* Directions: Exact reproduction is required for the lines below starting at the line with "Chevrolet Equinox 1.5L 4 2026" and ending at the line with "Northern Trails", both included. No other lines, and no pictures.

(Saved entries)
== == ==
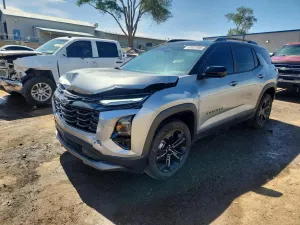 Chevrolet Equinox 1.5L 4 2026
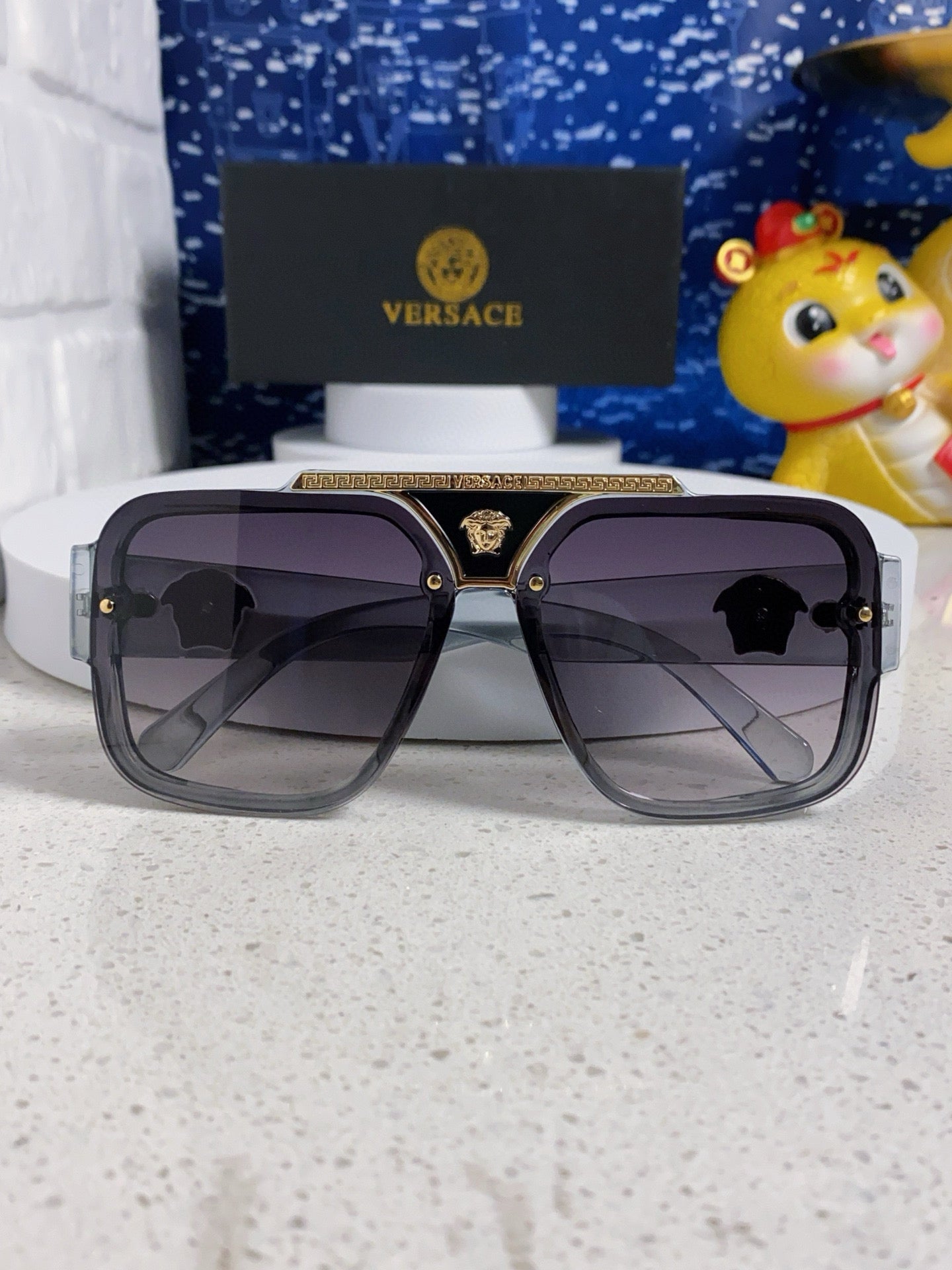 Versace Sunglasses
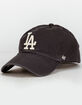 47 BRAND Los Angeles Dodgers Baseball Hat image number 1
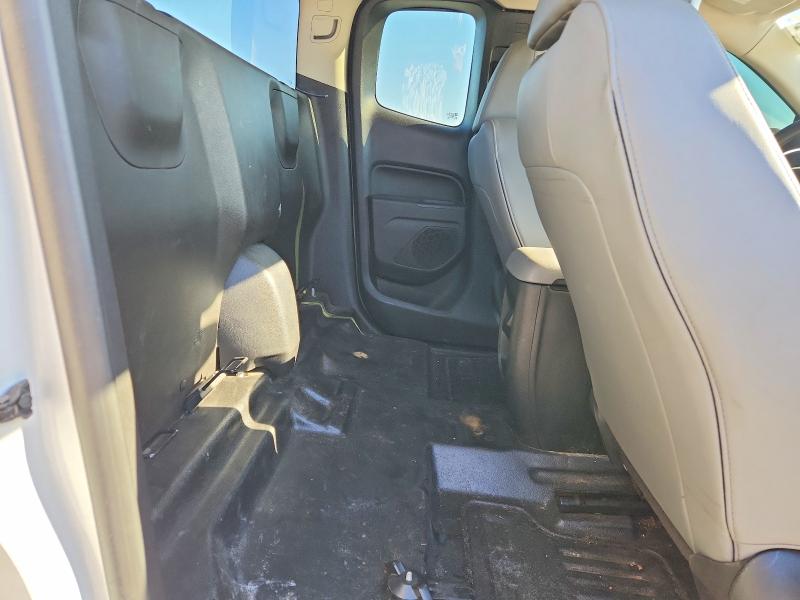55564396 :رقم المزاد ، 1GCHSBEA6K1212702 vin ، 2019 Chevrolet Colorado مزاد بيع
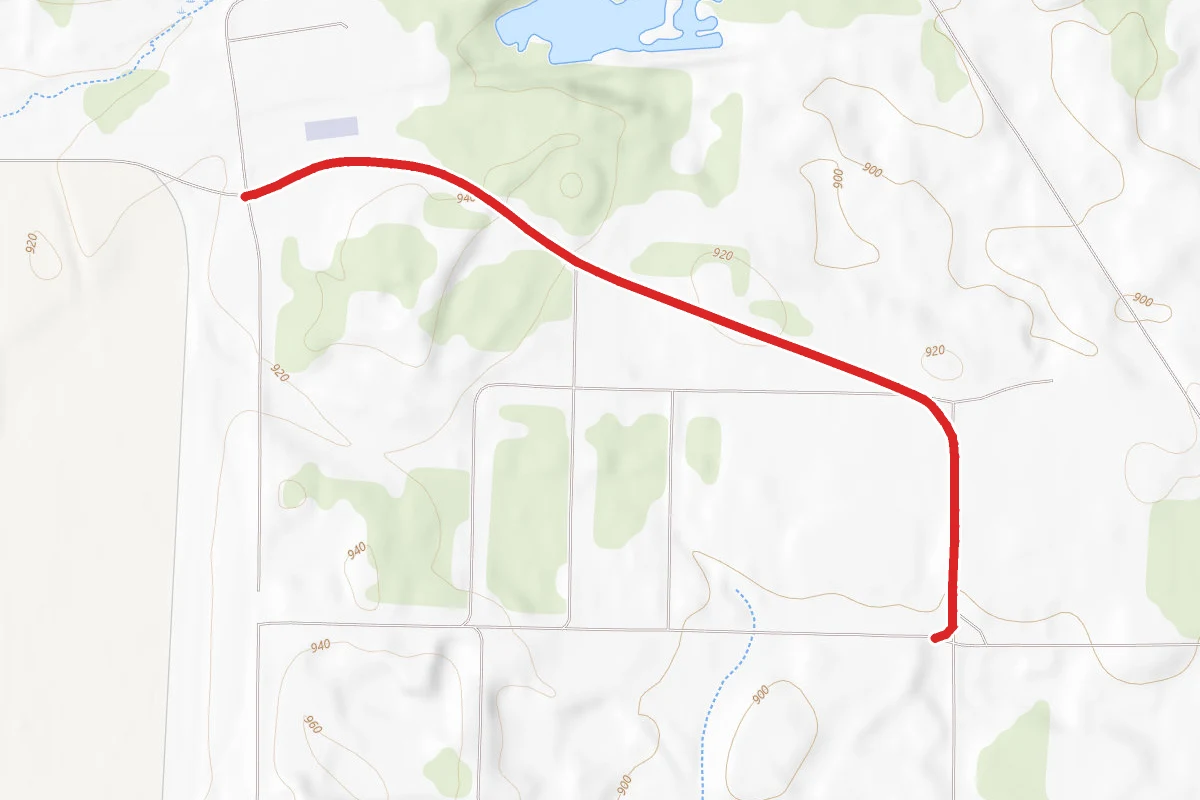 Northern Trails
== == ==
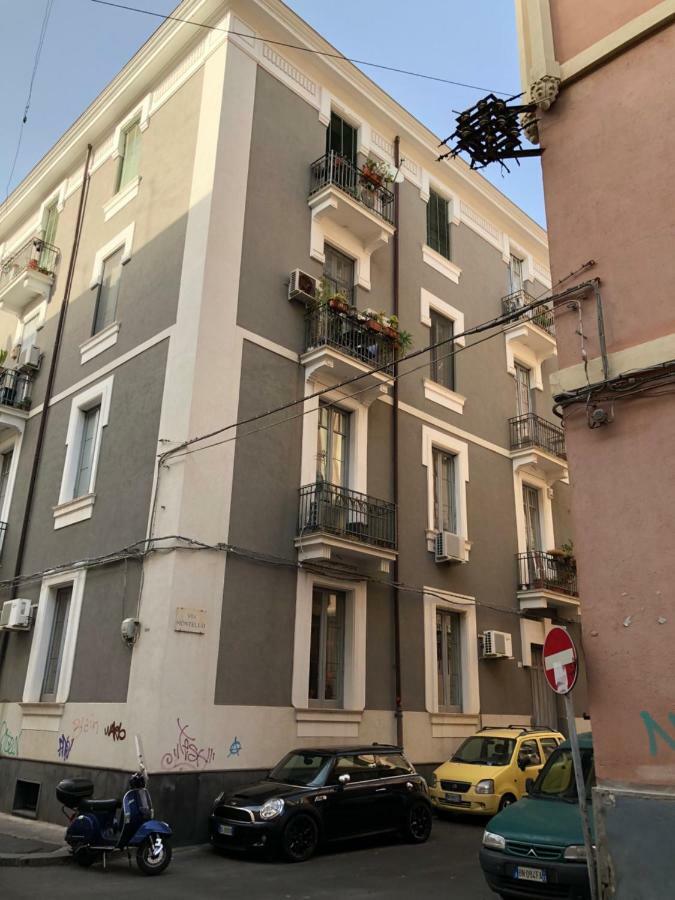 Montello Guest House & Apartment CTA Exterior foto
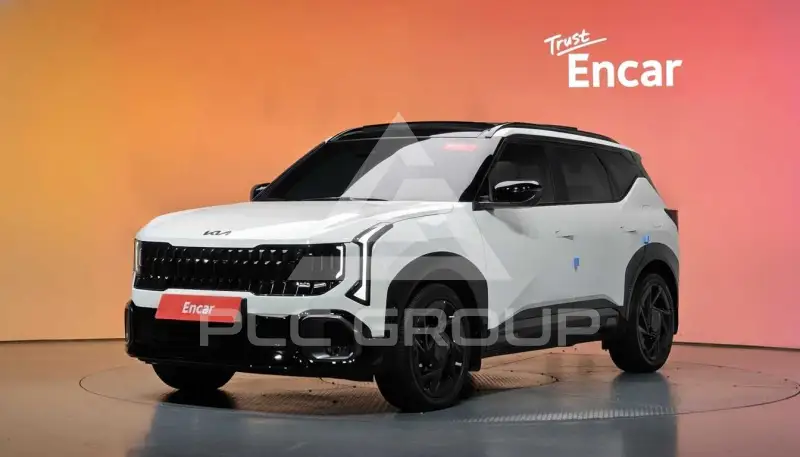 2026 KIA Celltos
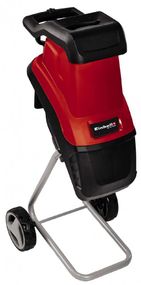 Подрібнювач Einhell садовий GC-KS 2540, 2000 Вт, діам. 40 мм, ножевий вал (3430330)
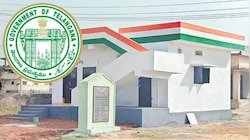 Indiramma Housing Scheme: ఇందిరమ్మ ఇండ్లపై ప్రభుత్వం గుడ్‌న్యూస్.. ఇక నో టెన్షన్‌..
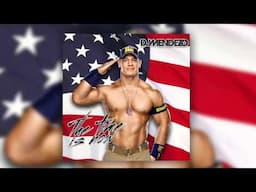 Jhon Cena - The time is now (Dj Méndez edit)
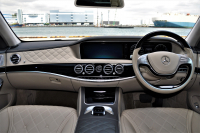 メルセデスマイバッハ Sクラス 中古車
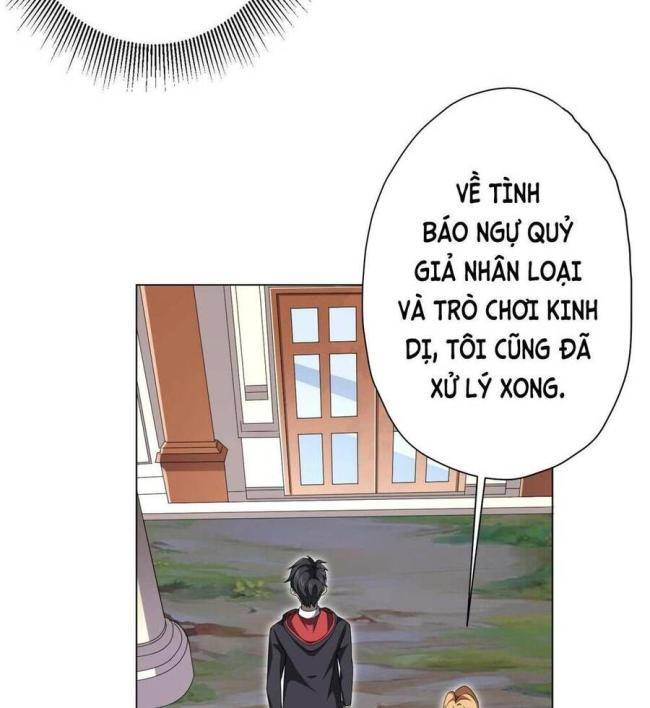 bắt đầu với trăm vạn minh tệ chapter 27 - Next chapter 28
== == ==
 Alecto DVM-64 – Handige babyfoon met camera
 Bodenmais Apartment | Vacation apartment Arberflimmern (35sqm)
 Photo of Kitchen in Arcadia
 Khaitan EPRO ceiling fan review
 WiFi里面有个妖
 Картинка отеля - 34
== == ==
* Written reply:
 Chevrolet Equinox 1.5L 4 2026
 Versace Sunglasses
 47 BRAND Los Angeles Dodgers Baseball Hat image number 1
55564396 :رقم المزاد ، 1GCHSBEA6K1212702 vin ، 2019 Chevrolet Colorado مزاد بيع
 Northern Trails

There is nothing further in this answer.